At town meeting on March 12, Bow residents will consider several plans to confront what the state fire marshal deemed a non-code-compliant fire station and community center building.

The option recommended by selectmen includes constructing a new public safety building that will house the fire, police and emergency management departments. Costing roughly $6.8 million, the building would replace the town’s current fire station, which is connected to the community center.

Another option includes renovating the current structure to bring it up to code. The third, put on the warrant by petition, proposes repairing only the fire station’s electrical wiring and kitchen vent system.

The fire station needs to be brought up to code by 2016, a mandate set by the state fire marshal. Already, the firefighters have moved their overnight quarters from the building to the neighboring rescue building to comply.

The Monitor toured the existing buildings this week with Town Manager David Stack and fire Capt. Mitchell Harrington. Residents can do the same at an open house hosted by the town Wednesday, between 6 and 7:30 p.m. There will be tours at the police station at 12 Robinson Road and the fire station/community center at 2 Knox Road.

(Allie Morris can be reached at 369-3307 or at amorris@cmonitor.com.)

So, the Fire Dept. doesn't want to feel left out. The schools get what all they want, so the Fire Dept. is pulling out all the stops by getting the Fire Marshall involved. How come in last years meeting there was no mention of the Fire Marshall ?....and the new ambulance is to big, I would like to know who is checking the specs on these vehicles, HE SHOULD BE FIRED !!!........and the Town Manager should be FIRED for bringing this up again, especially since we have to pay back Public Service $ 51 million......THE OUT OF CONTROL SPENDING needs to STOP !!

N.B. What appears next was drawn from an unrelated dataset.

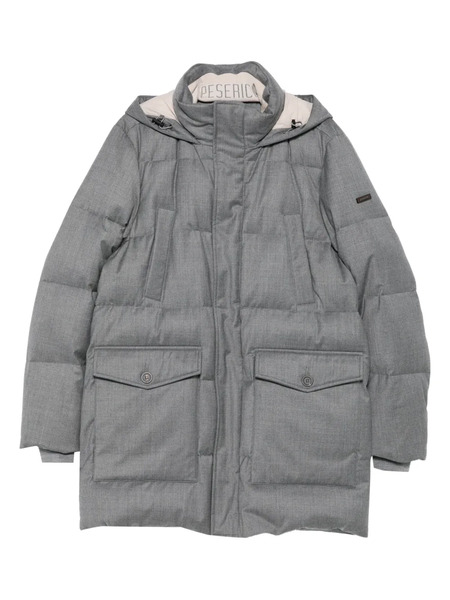  Peserico Hooded Quilted Coat - Grey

The problem with codes is that pressure groups like the National Fire Protection Association, (NFPA) a bunch of zealots, that never did any real world work, sit there dreaming up this crap, in an effort to justify their existence. Then bureaucrats like the Fire Marshall's office, who are also trying to justify their existence, drink this kool-aide by the gallon, and we get stuck paying the price.

From the-only-difference-between-men-and-boys-is-the-price-of-their -toys dept: So, to save a couple hundred bucks a year for new antennae, you want to spend $7 million on a new police/fire station? How about relocating these antennae on the vehicle or spend maybe a couple of thousand dollars on reconfiguring the doors?

Maybe they should move the antenna to the roof of the cab, instead of the roof of the box. Just saying.

I know that before I'd buy a new vehicle, I'd make sure it would fit in my garage, first.

One of the problems in society in general, not just this example, is compliance with new codes. There are public and private buildings everywhere that are old and have served well for decades. Churches, schools, houses, many more. They passed codes for a long time. Now they don't. Does this mean they should all be demolished and/or renovated? While I get the need of fire and building codes in general, I think often times these codes are too expensive to implement and unnecessary in general. Maybe the fire marshall, maybe local building code inspectors, have too much authority. I am familiar with the Bow FD and Rec building quite well, and yes something needs fixing there. Likely a new building is the best solution. But I don't agree with the unbending stance taken by the State fire marshall, the condemning of a building that has served well for decades suddenly is no longer safe; and IMO the national fire safety code adopted by NH and many other States oversteps the bounds and gives fire safety inspectors far too much power and control over what a town must do, or what the owner of a house must comply with. Common sense went out the window with the adoption of this code, which I have read entirely. The added expenses of compliance with these codes often enough are rather absurd and serve no demonstratable purpose, other than solving numerous "what if" questions. We can't regulate all dangers out of our lives with codes and ordinances. The truth of this story is a mix of a fire service much busier than they were 20 years ago, the growing pains Bow faces associated with the increased burdens placed on the Bow FD, and a State fire code that is too rigid and unbending.